====== Provided data

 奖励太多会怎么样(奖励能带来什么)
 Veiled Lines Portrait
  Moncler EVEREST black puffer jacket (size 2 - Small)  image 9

============

## [Directions for this task]
Reproduce, exactly and only, the lines running from the one with "Veiled Lines Portrait" to the end of the listing above.

## [Output for this task]
 Veiled Lines Portrait
  Moncler EVEREST black puffer jacket (size 2 - Small)  image 9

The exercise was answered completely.